How to compute the value of $\sum\limits_{n= 0}^\infty \frac{n^2}{n!}$ ?
I started with the ratio test which told me that it converges but I don't know to what value it converges.

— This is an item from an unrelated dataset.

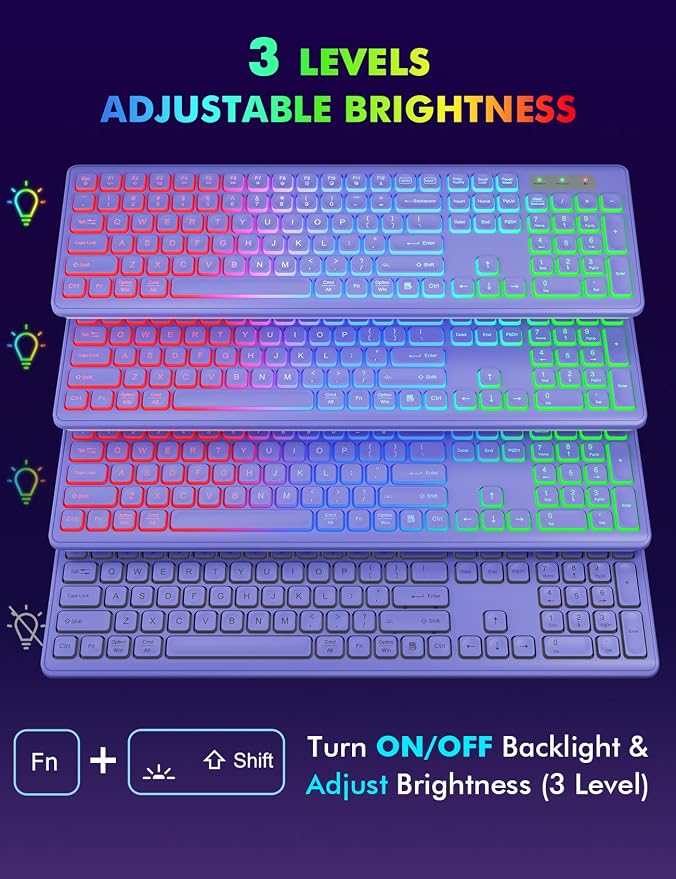Wireless Keyboard and Mouse Combo with RGB Backlit, Rechargeable | Light Up Letters, Full-Size, Soft Typing, Sleep Mode, 2.4GHz Quiet Keyboard Set for Mac, Windows, Laptop, PC, Trueque KM42Pro - Image 2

I realized I only know how to calculate the limit of a power/geometric series.
\begin{eqnarray} \sum_{n=0}^\infty\frac{n^2}{n!}&=&\sum_{n=1}^\infty\frac{n^2}{n!}=\sum_{n=1}^\infty\frac{n}{(n-1)!}=\sum_{n=0}^\infty\frac{n+1}{n!} =\sum_{n=0}^\infty\frac{n}{n!}+\sum_{n=0}^\infty\frac{1}{n!}=\sum_{n=1}^\infty\frac{n}{n!}+e\\ &=&e+\sum_{n=1}^\infty\frac{1}{(n-1)!}=e+\sum_{n=0}^\infty\frac{1}{n!}=e+e=2e \end{eqnarray}
Note that, for every $n\geqslant2$, $$\frac{n^2}{n!}=\frac{n(n-1)+n}{n!}=\frac1{(n-2)!}+\frac1{(n-1)!},$$ ...and watch out for the small $n$ cases.
Hint:
I hope this helps $\ddot\smile$
The idea for $$\frac{n^r+b_{r-1}n^{r-1}+\cdots+b_1\cdot n}{n!},$$ we can set this to $$\frac{n(n-1)\cdots(n-r+1)+a_{r-1}\cdot n(n-1)\cdots(n-r+2)+\cdots+a_2n(n-1)+a_1\cdot n+a_0}{n!}$$
$$\frac1{(n-r)!}+\frac{a_{r-2}}{(n-r+1)!}+\frac{a_1}{(n-2)!}+\frac{a_1}{(n-1)!}+\frac{a_0}{(n)!}$$
where the arbitrary constants $a_is,0\le i\le r-2$ can be found comapring the coefficients of the different powers of $n$
Here let $$\frac{n^2}{n!}=\frac{a_0+a_1n+a_2n(n-1)}{n!}=\frac{a_0}{n!}+\frac{a_1}{(n-1)!}+\frac{a_2}{(n-2)!}$$
$$\implies n^2=a_0+n(a_1-a_2)+a_2n^2$$
$$\implies a_2=1,a_1-a_2=0\iff a_1=a_2,a_0=0$$
So, we have $$\sum_{n=0}^{\infty}\frac{n^2}{n!}=\sum_{n=0}^{\infty}\frac1{(n-1)!}+\sum_{n=0}^{\infty}\frac1{n!}=\sum_{n=1}^{\infty}\frac1{(n-1)!}+\sum_{n=0}^{\infty}\frac1{n!}$$ as $\displaystyle\frac1{(-1)!}=0$
Now, observe that each summand is $e$(exponential 'e')